• ASSIGNMENT: Write every line of the material again exactly, with no pictures in the copy.

*** THE INPUT ***

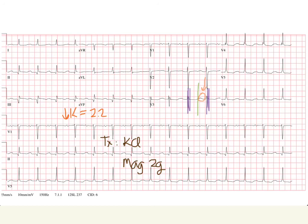So that was prolonged QT and torsade in a little over nine minutes. If you have any questions, put them in the comments below. I'll see you next time. Adios.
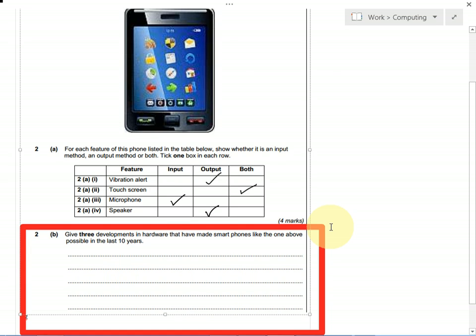This question is testing whether or not you've been following the development of computer hardware over the last couple of years or so. There's lots of different answers you can have for this. It doesn't show on my screenshot, but this is worth three marks, so it's looking for three things that you can write to say how phones have got better.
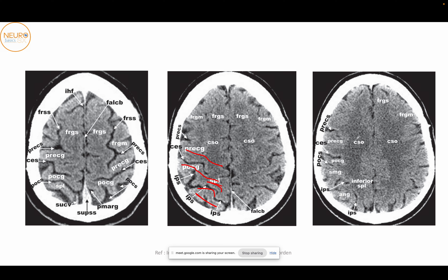As we go further inferiorly, you can see more of the centrum semiovale, the quite thick precentral gyrus and the much thinner postcentral gyrus, and the central sulcus. Behind the postcentral gyrus, at a much lower level, you will see the inferior parietal lobule. This is the supramarginal gyrus, which is the superior part of the inferior parietal lobule, and this is the angular gyrus, which is the inferior part of the inferior parietal lobule.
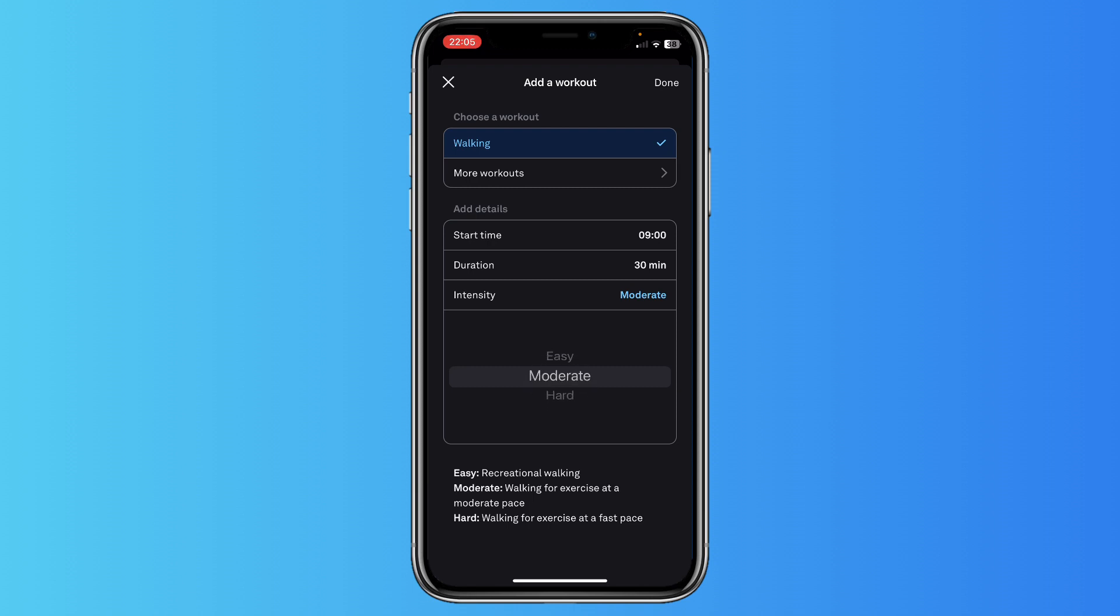So you can just tap on done, and this will add the workout or the walking workout to your Aura stats. Of course, Aura will take it into the calculation of your daily scores, of your activity score, and of your overall stats. So I hope this video is helpful.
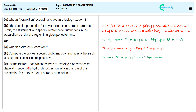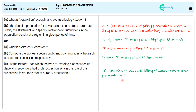In the third sub-question, they are directing us to list the factors upon which the type of invading pioneer species depends in secondary hydro succession, and to specify in which way the succession rate is faster than primary succession. For this, we illustrate that the soil sediment is already there, so the rate of secondary succession is much faster than the primary succession — for this illustration we are getting one half mark.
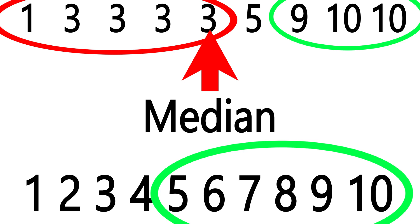In short, the median is better than the mean when the individual numbers, or the amount of these numbers, is more important than the total overall value of the numbers.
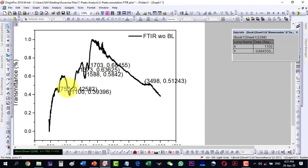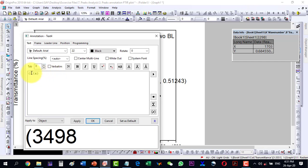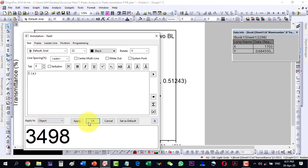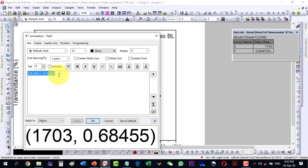Now I have found almost all the peaks. I can do some adjustments — the first thing I want is to keep only the x value and not the y value. Double-clicking the annotation, I see it has the dollar symbol and x and y in the legend. I remove the y part and the bracket, so now the value shows only the x. I click OK and do the same for all of them.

*** End of THE INPUT ***

• EXERCISE ANSWER:
So that was prolonged QT and torsade in a little over nine minutes. If you have any questions, put them in the comments below. I'll see you next time. Adios.
This question is testing whether or not you've been following the development of computer hardware over the last couple of years or so. There's lots of different answers you can have for this. It doesn't show on my screenshot, but this is worth three marks, so it's looking for three things that you can write to say how phones have got better.
As we go further inferiorly, you can see more of the centrum semiovale, the quite thick precentral gyrus and the much thinner postcentral gyrus, and the central sulcus. Behind the postcentral gyrus, at a much lower level, you will see the inferior parietal lobule. This is the supramarginal gyrus, which is the superior part of the inferior parietal lobule, and this is the angular gyrus, which is the inferior part of the inferior parietal lobule.
So you can just tap on done, and this will add the workout or the walking workout to your Aura stats. Of course, Aura will take it into the calculation of your daily scores, of your activity score, and of your overall stats. So I hope this video is helpful.
In the third sub-question, they are directing us to list the factors upon which the type of invading pioneer species depends in secondary hydro succession, and to specify in which way the succession rate is faster than primary succession. For this, we illustrate that the soil sediment is already there, so the rate of secondary succession is much faster than the primary succession — for this illustration we are getting one half mark.
In short, the median is better than the mean when the individual numbers, or the amount of these numbers, is more important than the total overall value of the numbers.
Now I have found almost all the peaks. I can do some adjustments — the first thing I want is to keep only the x value and not the y value. Double-clicking the annotation, I see it has the dollar symbol and x and y in the legend. I remove the y part and the bracket, so now the value shows only the x. I click OK and do the same for all of them.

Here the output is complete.